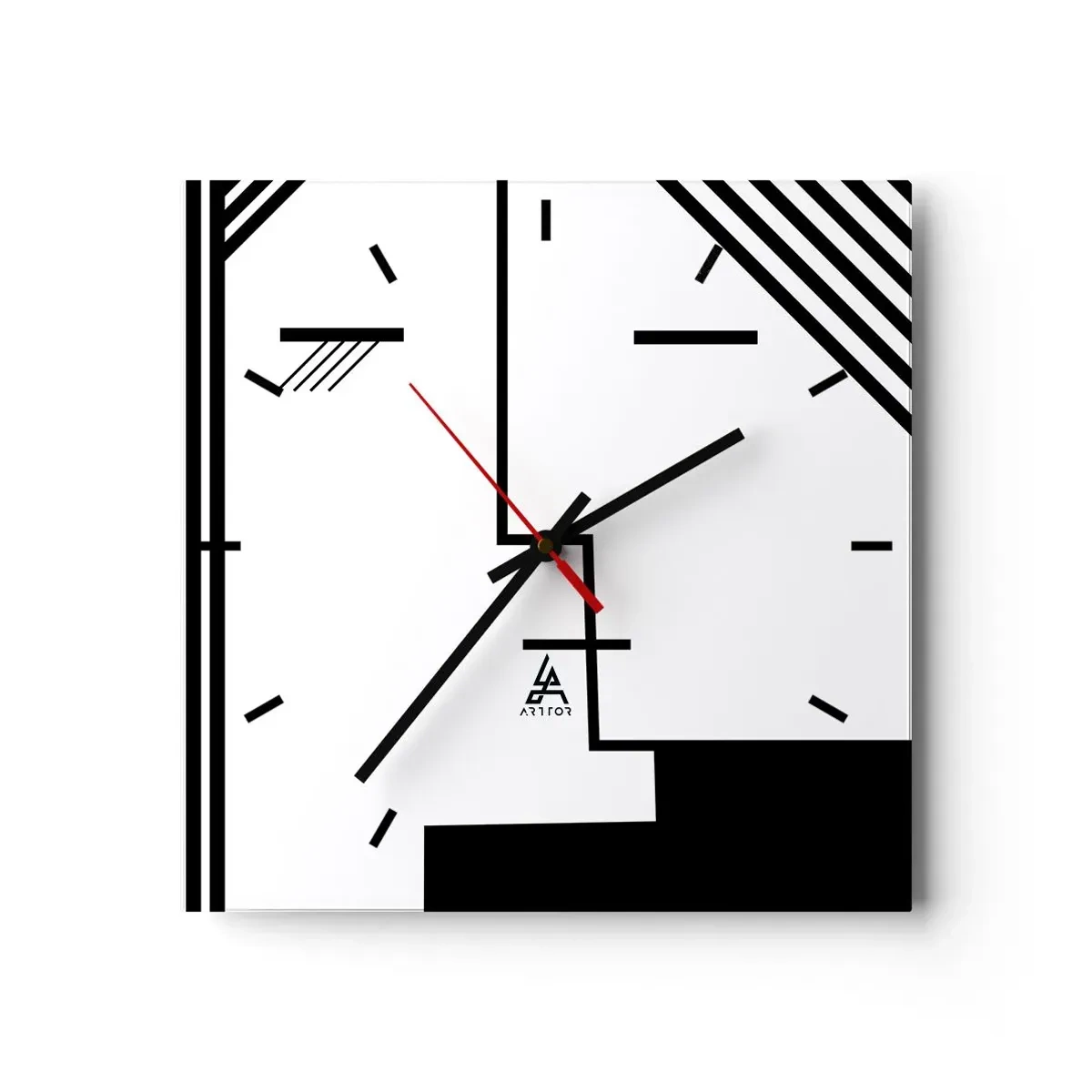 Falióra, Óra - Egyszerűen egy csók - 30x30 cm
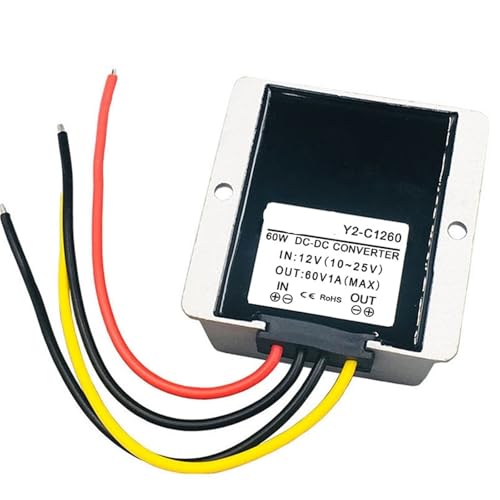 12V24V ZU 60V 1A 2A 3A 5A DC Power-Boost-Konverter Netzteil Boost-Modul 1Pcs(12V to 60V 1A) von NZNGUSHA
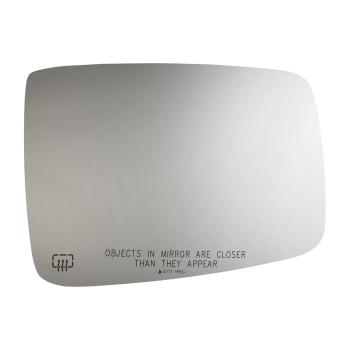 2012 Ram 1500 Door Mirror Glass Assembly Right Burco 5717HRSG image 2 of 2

-=-=-=-=-

- **Description of the task**: If a picture appears in the data, omit it; transcribe all the rest exactly.

- **Response below**:
 Falióra, Óra - Egyszerűen egy csók - 30x30 cm
 12V24V ZU 60V 1A 2A 3A 5A DC Power-Boost-Konverter Netzteil Boost-Modul 1Pcs(12V to 60V 1A) von NZNGUSHA
 2012 Ram 1500 Door Mirror Glass Assembly Right Burco 5717HRSG image 2 of 2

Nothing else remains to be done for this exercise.